At the Democratic convention of that year, Ike’s opponent Adlai Stevenson tried tweaking his usage: I hope and pray that we Democrats, win or lose, can campaign not as a crusade to exterminate the opposing Party, as our opponents seem to prefer, but as a great opportunity to educate and elevate a people whose destiny is leadership.

Judging by the election returns, Americans did not share Stevenson’s concern. Eisenhower finished his second term in 1959 with a first-time-ever jet plane tour of the world by a chief of state — dubbed “Crusade for Peace.

You’d have to be taking stupid pills to think that, in America, “crusade” alluded to pogroms or any of the other excesses of the Middle Ages.

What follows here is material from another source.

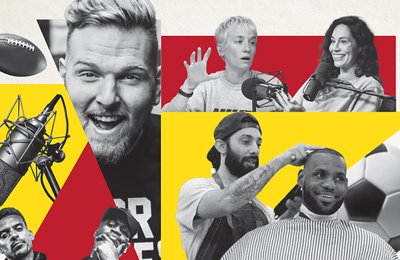 Various sports-related media stars against a yellow and red background graphic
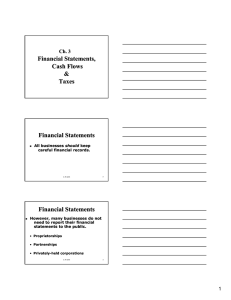 Financial Statements, Cash Flows &amp; Taxes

No one thought that Ike, a Presbyterian, was carrying water for the Catholic Church. In President Bush’s case, he had the additional concern of people thinking he was alluding to the opponents in the original Crusades. What a shame. Had he kept using the term, it would have been a teachable moment for both our friends and foes.

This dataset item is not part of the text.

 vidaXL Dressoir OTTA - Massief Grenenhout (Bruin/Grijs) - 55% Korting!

IN A FREE SOCIETY, the morality of a cause is not the icing on the cake — it’s the whole cake. Facing a threat that is both long term and spiritually driven, our values-free ethos disarms us. Conventional wisdom runs that a “decadent” society will collapse due to “divine punishment.” In fact, the process of social destruction need not be deity-driven or even supra-rational. Our inability to operate with a consensus of values renders us incapable of understanding and combating any enemy more complex than a street punk.

Which leads us back to the “third rate burglary”: like its literary avatar, the falcon stolen John’s Grill has never been found, despite a $25,000 reward. It’s been replaced with a specially commissioned sculpture. “It’s a fake of a fake of a fake,” the restaurant owner says, ““but people come from all over the world to see it. A lot of people moved to San Francisco because of that movie.” Both the restaurant’s falcon and the movie’s falcon are what Alfred Hitchcock would term “MacGuffins” — objects of obsessive, misdirected pursuit which drive the story but ultimately prove unworthy of the attention.

In our ongoing existential struggle, the leadership class has displayed a sense of timing and choreography that would impress even the great Director himself. Continually and with tremendous creativity, media, educators and government keep nudging our attention away from the true historic threat and back towards the MacGuffin of “extremism,” “fanaticism,” and “militant-ism.” Will we ever realize we’ve been gamed, correct our mistake and re-focus our pursuit on the genuine bird of value? On that answer hangs our future as free men and women.